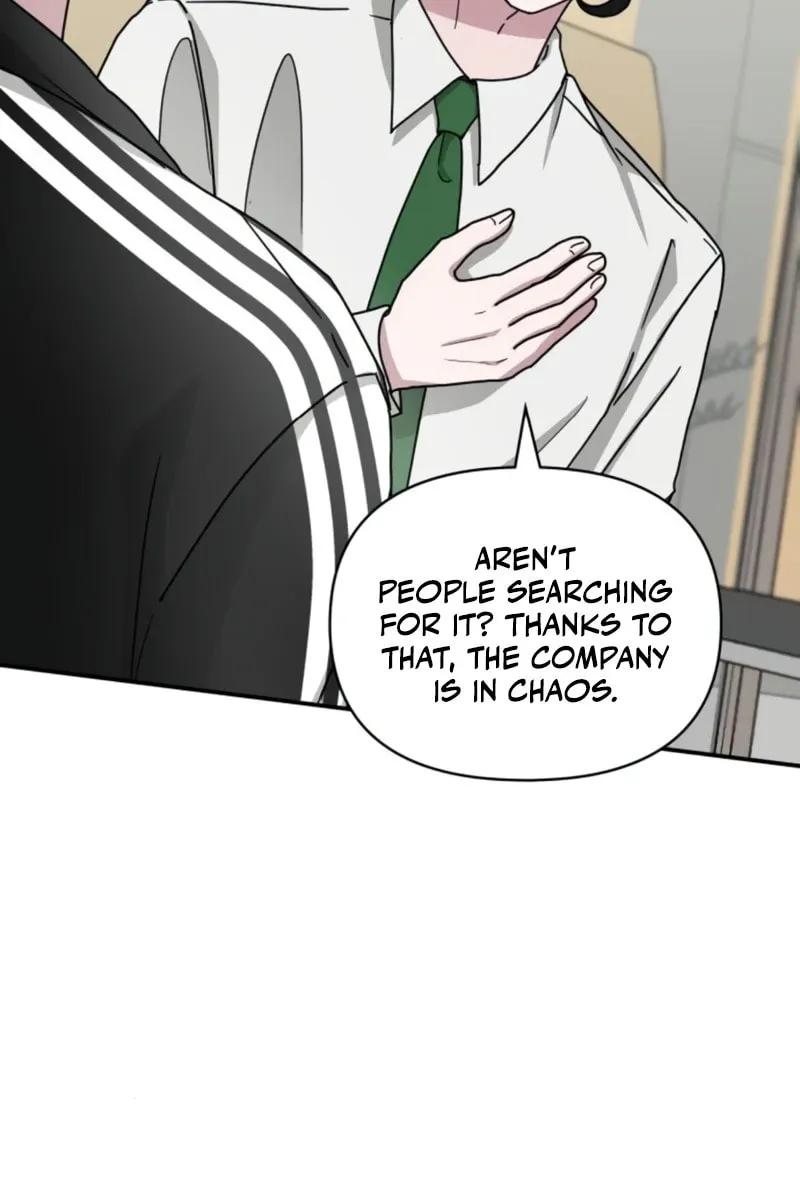 I Was Immediately Mistaken for a Monster Genius Actor Chapter 29 page 69 - 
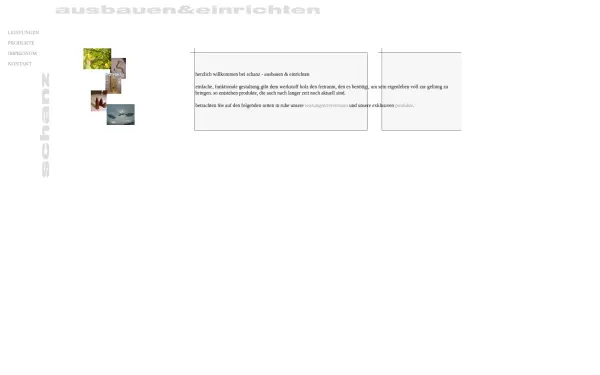 ausbauen-einrichten.de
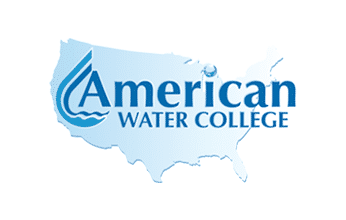 American Water College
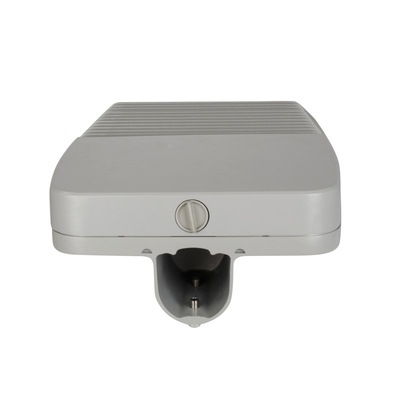 O dużej mocy 19000lm parkingowe Oprawy oświetleniowe 150 W 5000 k Smd 3030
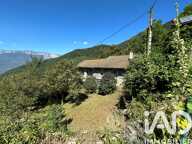Vente Maison/villa 2 pièces — photo 2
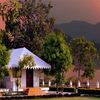 Best Lake view Hotel, Resort, Villa, Room, Hotels in Udaipur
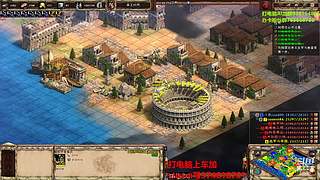 直播很精彩点关注不迷路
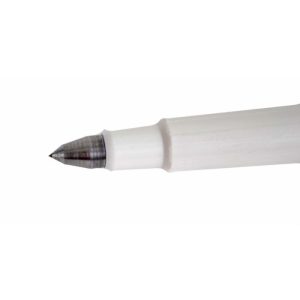 Precision Fiber Scribe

#### PROMPT
Give every line above again exactly, with no pictures.

#### FINISHED TASK
 I Was Immediately Mistaken for a Monster Genius Actor Chapter 29 page 69 - 
 ausbauen-einrichten.de
 American Water College
 O dużej mocy 19000lm parkingowe Oprawy oświetleniowe 150 W 5000 k Smd 3030
Vente Maison/villa 2 pièces — photo 2
 Best Lake view Hotel, Resort, Villa, Room, Hotels in Udaipur
 直播很精彩点关注不迷路
 Precision Fiber Scribe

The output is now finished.